It brought him back to December 14, 2012, when similar images from his hometown of Newtown, Connecticut, were broadcast around the country. On that day, his community joined what he calls a family “no one wants to be a part of.”

Now the people of Parkland, Florida were joining it, too. His heart ached for the students of Marjory Stoneman Douglas High as he thought about what they were going through, and what lay ahead. “Is it ever going to stop?” he asked himself.

Mittleman was an 11-year-old sixth-grader when a gunman killed 20 first-graders and six educators at Sandy Hook Elementary, two miles from his school — a tragedy that changed the course of his life. Now 16, he’s a gun control advocate who’s joining the national school walkout on Wednesday that’s part memorial and part protest.

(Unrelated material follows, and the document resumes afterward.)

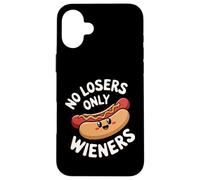 No Hay Perdedores, Solo Salchichas, Divertido Juego de Palabras con Salchichas, Humor Carcasa para iPhone 16 Plus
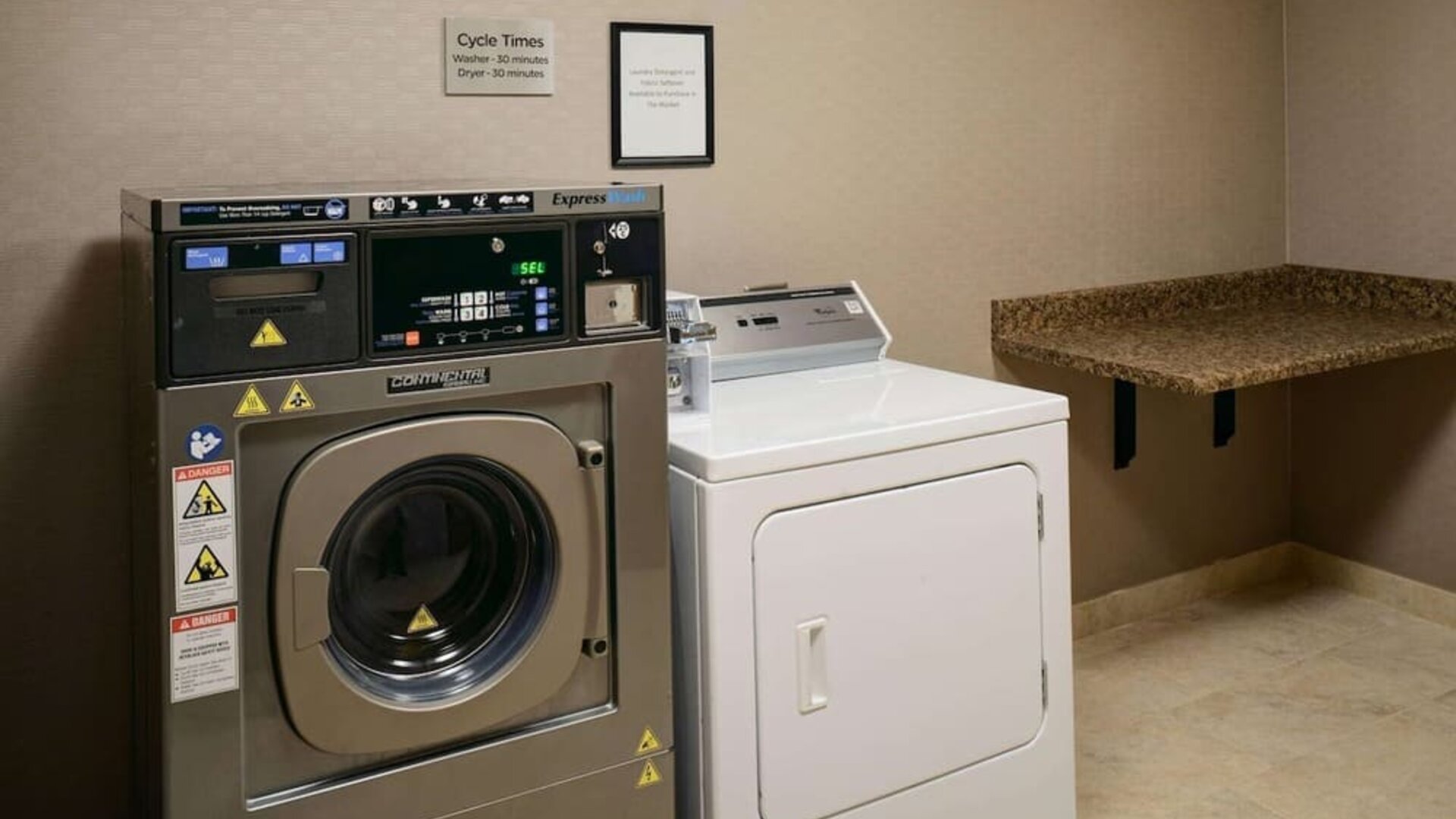 Laundry service at Sonesta Select Kansas City South Overland Park.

“A message we’re trying to send to Parkland is we stand behind them,” said Jackson, co-chair of the Jr. Newtown Action Alliance, who is organizing the walkout at Newtown High School. “We are motivated and we are fired up to push as hard as they push and fight as long as they fight.”

A national day of protest

Last month, organizers from the Women’s March youth branch started calling for students across the country to walk out of class for 17 minutes — one for each victim who died in the Parkland shooting — on March 14, to pressure lawmakers to act on gun control.

Now, in addition to walkouts, students across the country are planning rallies, marches and sit-ins — some in open defiance of their school districts.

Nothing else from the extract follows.